Monday, December 30, 2013

SEIU-UHW’s Dave Regan Gives Away Workers’ Pensions at Los Angeles Hospital

In his latest assault on workers, Dave Regan has allowed a Los Angeles hospital to eliminate the defined-benefit pensions of 500 SEIU-UHW members and replaced them with a cheap 401(k) plan, according to an article in today’s Los Angeles Times.

And that’s not all.

Under Regan’s deal, the 500 workers at Motion Picture Television Fund will get wage increases of just 1 percent per year for the next three years… even as the hospital pockets tens of millions in savings due to the elimination of workers’ pensions!

According to observers, Regan’s latest cuts have deep significance for California’s healthcare workers. 

Here’s why.

Since parachuting into California to seize control of SEIU-UHW in 2009, Regan has personally implemented billions of dollars of cuts to workers’ benefits -- including the elimination of defined-benefit pension plans for tens of thousands of workers at Dignity Health, the Daughters of Charity Health System, and other corporations.

And... as Regan methodically slashes and burns workers’ benefits, more and more fatcat execs from greedy companies are lining up at Regan’s door and saying: “I want a piece of that action, muthafucka!”

In 2012, Regan allowed Kaiser Permanente to slash workers’ retiree health benefits, which gave Kaiser a $1.9 billion payday, according to Kaiser’s quarterly financial statements. And according to a top Kaiser exec, Regan has already accepted Kaiser’s request to eliminate the pension plan for all of the “partnership” unions.

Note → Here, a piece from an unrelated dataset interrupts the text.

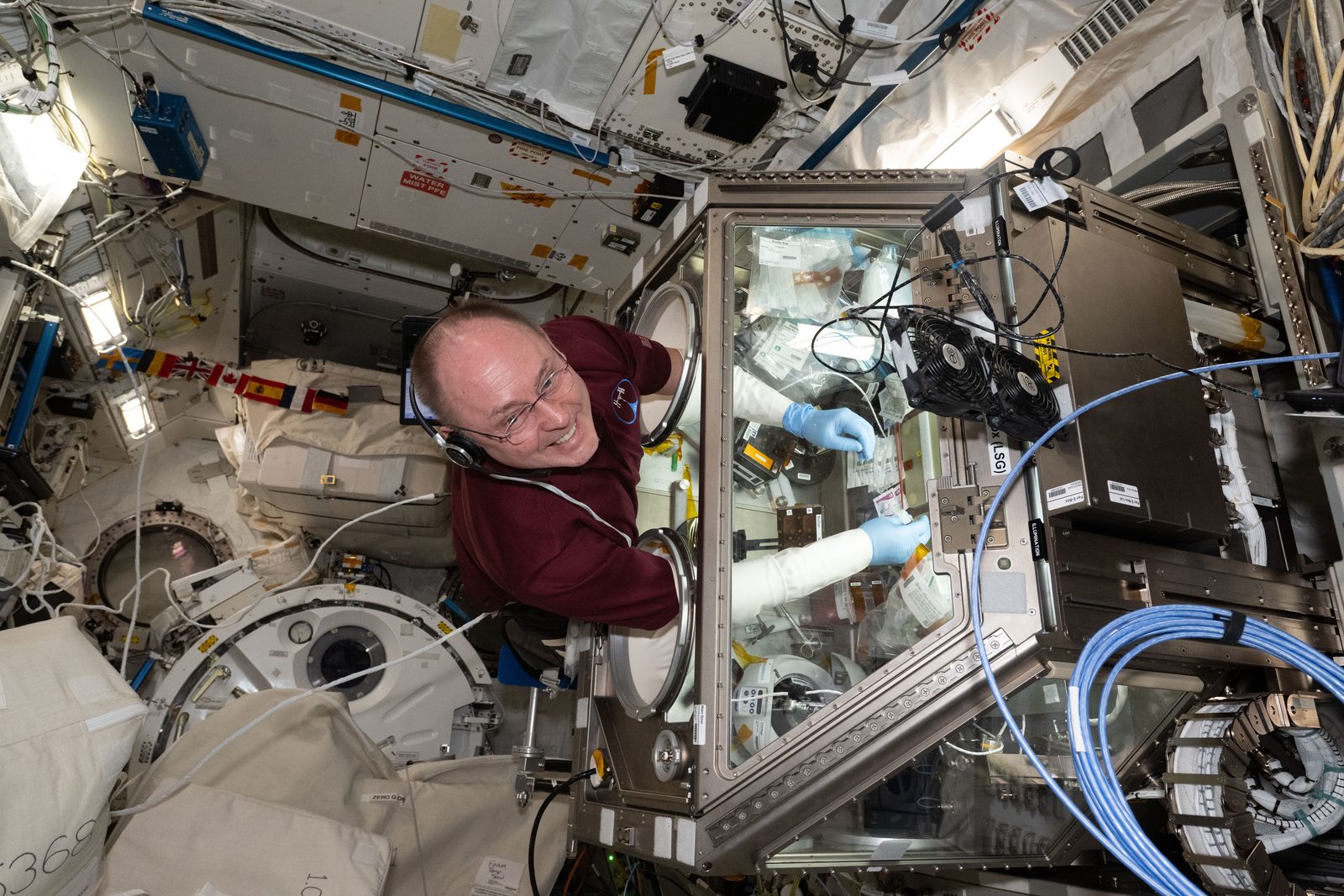 Astronaut Mike Fincke reaches into the sealed Life Science Glovebox to run a biology experiment aboard the space station's Kibo module. Real NASA photograph used on the Ellis Abel Learns "Why I Love Biology" page.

Experienced insiders believe that Regan's most recent benefit-slashing bonanza is aimed at showing the California Hospital Association (CHA) that he'll deliver deep cuts to workers' wage and benefits if the CHA inks a sweetheart unionization deal covering 100,000 healthcare workers. 

They also say Regan's cuts will undoubtedly deepen tensions with other unions in California. Why? 

Regan’s cuts at the Motion Picture Television Fund -- which cares for 60,000 members of LA’s entertainment industry -- will hurt thousands of members of AFSCME Local 3299, who are currently fighting the efforts of the University of California to cut health workers’ pension benefits. According to the Los Angeles Times, UCLA recently signed a deal to jointly operate the Television Fund’s outpatient clinics. As a result, members of AFSCME and SEIU-UHW will presumably work side-by-side under a two-tiered system of retirement benefits.